- _Aim of the task_
Reproduce exactly, and solely, the lines running from the top of the data below through the line with "Roman mosaic - Ulysses", both inclusive. Omit pictures.
Excerpted data Block Start
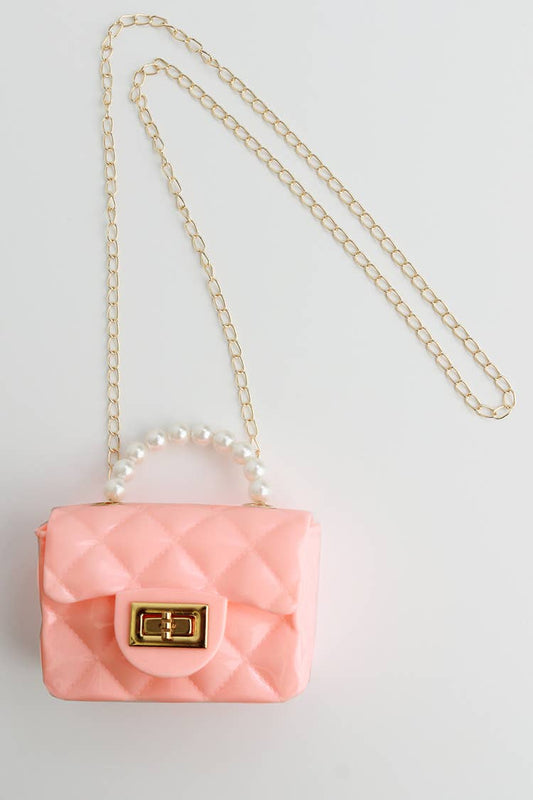 Pearl Handle Jelly Purse: Pink
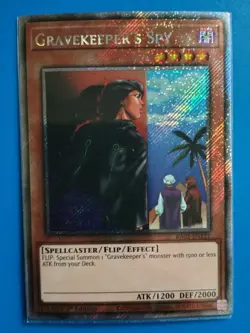 Near Mint Yugioh Gravekeeper's Spy - RA03-EN121 Platinum Secret Rare 1st Edition - Image 1
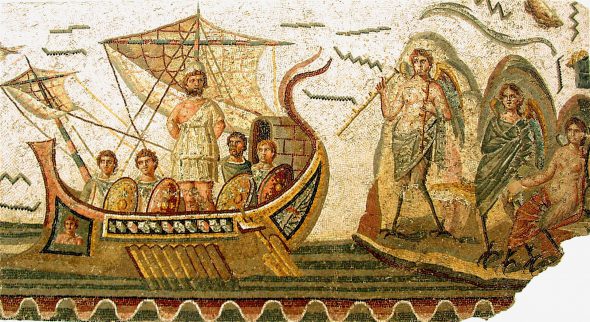 Roman mosaic - Ulysses tempted by the Sirenes. Image is in the Public Domain.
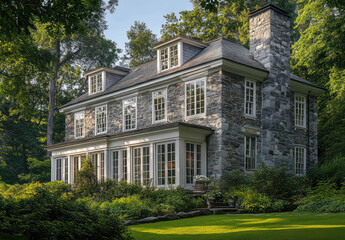 Charming stone mansion surrounded by lush greenery, classic colonial architecture with tall windows, steep roof, and serene garden landscape, elegant countryside home design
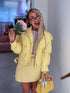 Faux leather jacket "ROAD REBEL" S-6203 - YELLOW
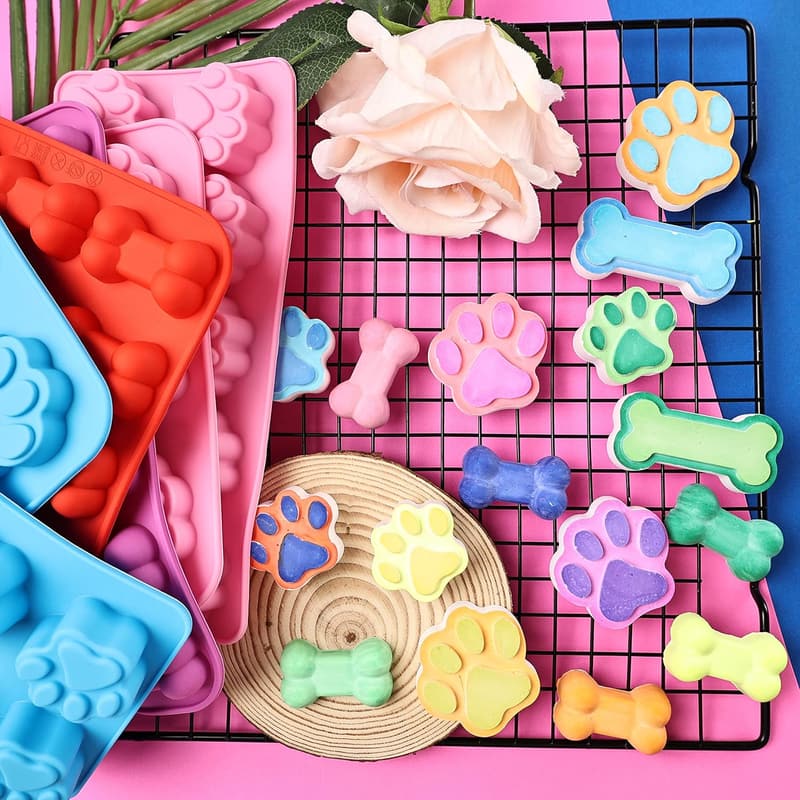 Paw Print and Bone Silicone Molds for Dog Treats and Candy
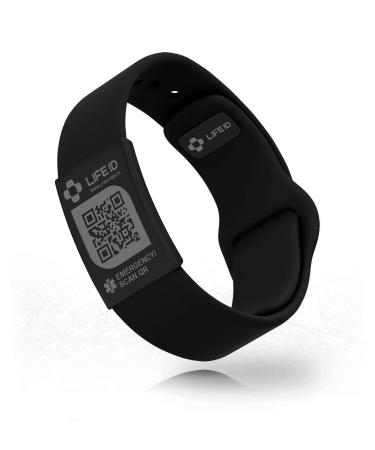 LIFE ID Pin-Tuck Medical ID Bracelet I Medical Alert Bracelet with Free Online Profile I Edit Information Anytime I Fits Wrists 5 - 9 inches I We use Recycled Material for Our Packaging Black I Charcoal Face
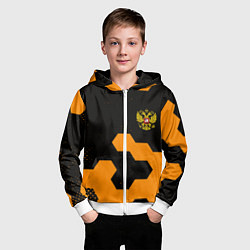 Толстовка на молнии детская Герф РФ соты броня, цвет: 3D-белый — фото 2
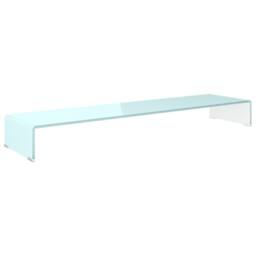 Berkfield Home TV Stand/Monitor Riser Glass Green 120x30x13 cm in Aqua - Size: 120 x 30 x 13 cm - thumbnail 1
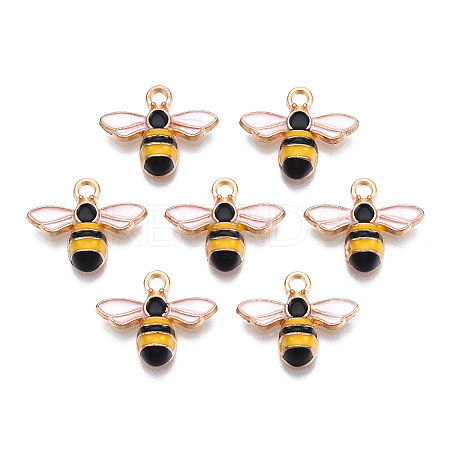 Light Gold Plated Alloy Enamel Pendants LS-X-ENAM-R136-49-1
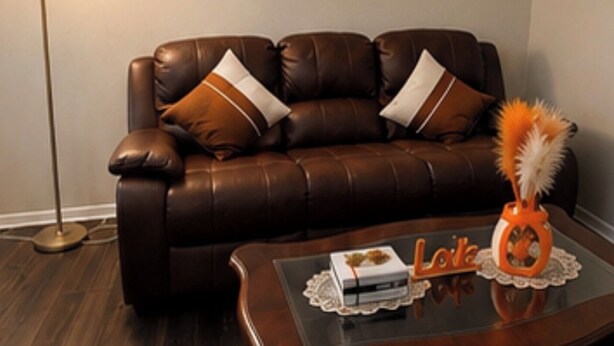 A brown leather sofa with white and brown pillows, a glass coffee table with a white object and an orange vase with feathers, and a tall floor lamp.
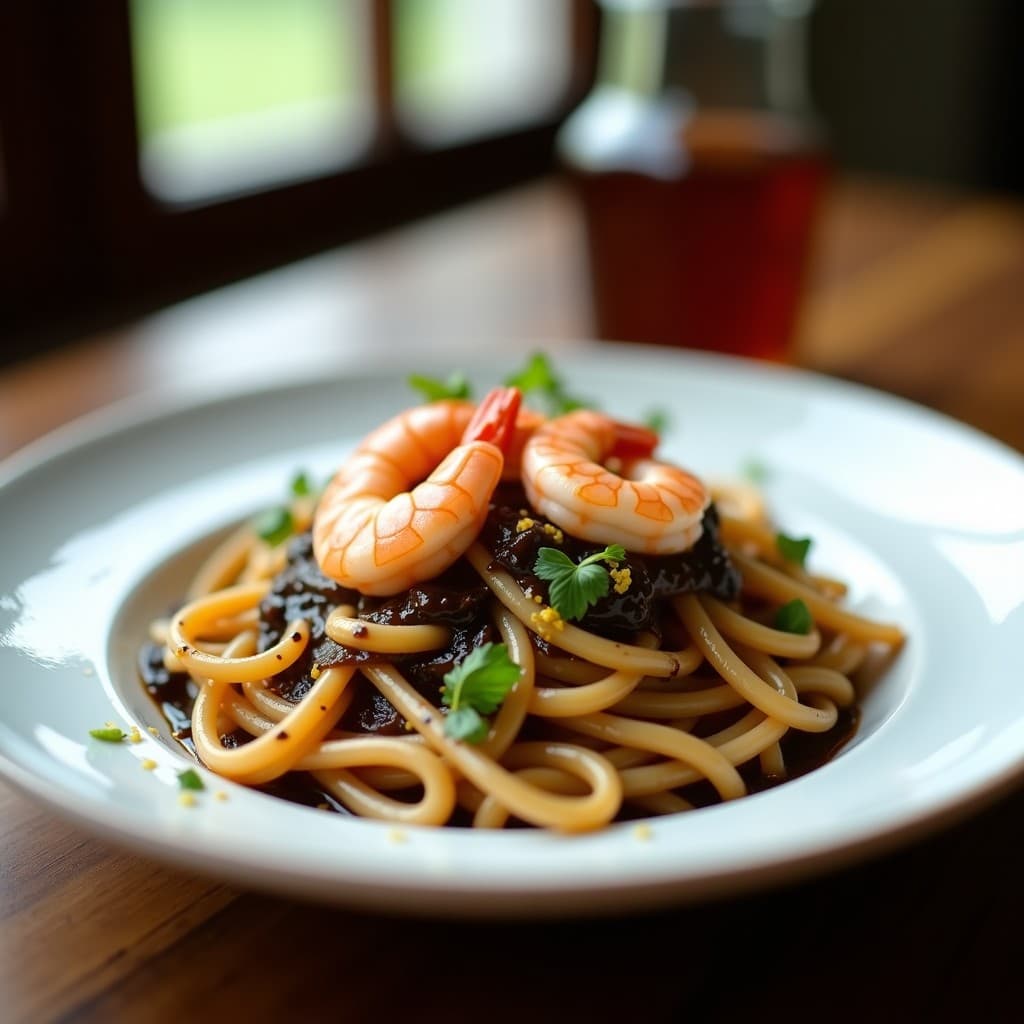 Pasta de Chocho con Salsa de Ajo Negro y Gambas: Receta Española Keto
Excerpted data Block End
- _Task solution_
 Pearl Handle Jelly Purse: Pink
 Near Mint Yugioh Gravekeeper's Spy - RA03-EN121 Platinum Secret Rare 1st Edition - Image 1
 Roman mosaic - Ulysses tempted by the Sirenes. Image is in the Public Domain.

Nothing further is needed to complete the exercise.